Open letter to Taiwan’s president

Mr President, as international scholars and writers who have followed Taiwan’s impressive transition to democracy during the past two decades, we know the sensitivity in Taiwan of the issue of relations with China. Rapprochement needs to be carried out in a way that ensures that the achievements of the democratic movement are safeguarded, that the political divide within Taiwan is reduced and that Taiwan’s sovereignty, human rights and democracy are protected and strengthened.

However, during the past year we have seen that the policies of your administration are being implemented in a way that is causing deep anxiety, particularly among many who fought for Taiwan’s democracy two decades ago. This was evident in the large-scale rallies held in Taipei and Kaohsiung on Sunday.

We have also seen a further polarization in society due to the lack of transparency and democratic checks and balances. Many observers believe that the rapprochement with China has occurred at the expense of Taiwan’s sovereignty, democracy and freedoms.
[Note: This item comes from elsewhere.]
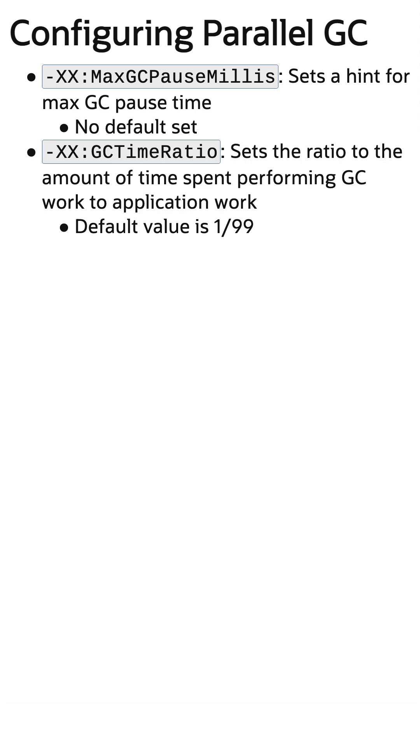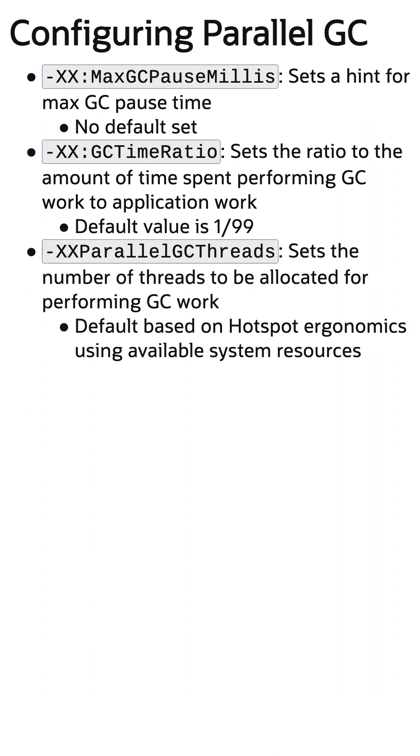GCTimeRatio sets the ratio of time performing GC work versus application work. ParallelGCThreads sets the number of GC collection threads.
To some, the judicial practices and police behavior toward those who criticize your policies are even reminiscent of the dark days of martial law.

In this respect, symbols are important. It does not help that your administration has renamed National Taiwan Democracy Memorial Hall in Taipei back to Chiang Kai-shek Memorial Hall. It doesn’t bolster your case that the funding for the Chingmei Human Rights Memorial in Sindian (新店) has been cut drastically and that the location is being turned into a “cultural” park. It doesn’t help that changes are being made to the Assembly and Parade Act (集會遊行法) that infringe on freedoms of protesters instead of enhancing freedom of speech.

Mr President, we appeal to you to take measures that alleviate these concerns. A first step would be to initiate and implement reforms in the judicial system that safeguard the human rights of the accused and ensure a fair trial. A second step would be to guarantee complete press freedom, and instill in those engaged in the media the determination to live up to the highest standards.

Thirdly, rapprochement with China needs to be brought about in such a way that the people of Taiwan have a full say in determining their future as a free and democratic nation. Closed-door deals that bring Taiwan increasingly into China’s sphere of influence are detrimental to Taiwan’s future and undermine the democratic fabric of society.

Due to its complex history, Taiwan has not had the opportunity to be accepted as a full and equal member of the international family of nations. We believe the people of Taiwan have worked hard for their democracy, and that the international community should accept Taiwan in its midst. Your actions and policies can help the island and its people move in the right direction. We urge you to do so.